The problem wasn't ruby. The problem was the way that Twitter used Ruby. We had one big mono repo with every single function and every form of business logic baked into a single place. That logic relied on monkey patching and all sorts of crazy horrible glue to keep it working together. Every time we had to scale up we would glue infra in place to keep things working while we came up with a real solution (which never really materialized).
In my time there we had memcache instances which held timelines. Populating them took hours/days and while they were unpopulated the site was offline. Rebooting/restarting the caches was simply not an option. We had a data sharding strategy that was temporal. We would spin up a new database cluster every few weeks to handle all of the incoming tweets and failing to spin up a new cluster in time meant we would have a global site outage. Don't even get me started on the "load bearing mac mini".

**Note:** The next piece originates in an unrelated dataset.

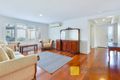 Property photo of 12 Gilcrest Court Molendinar QLD 4214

In reality the only problem rails really contributed on its own was that it could only process a single request per process at a time. Each machine would spin up 16 or 32 processes to handle requests in parallel but each process needed its own connection to the database, to memcache, etc. At one point we had something like 100k processes all trying to talk to a single mysql master. Much of this could have been mitigated by better design of course, but rails encourages models that don't scale up to crazy dimensions.
In reality moderation was virtually impossible because we were in a 24/7 fight with ourselves about how to keep the system alive for the next couple of days. Constant infighting, managerial changes (I had 9 different managers in 3 years), focus changes (we didn't finish the last major site redesign before starting the next one) and a general unwillingness to pause features long enough to stabilize the system meant we were always on the losing end of a infra battle.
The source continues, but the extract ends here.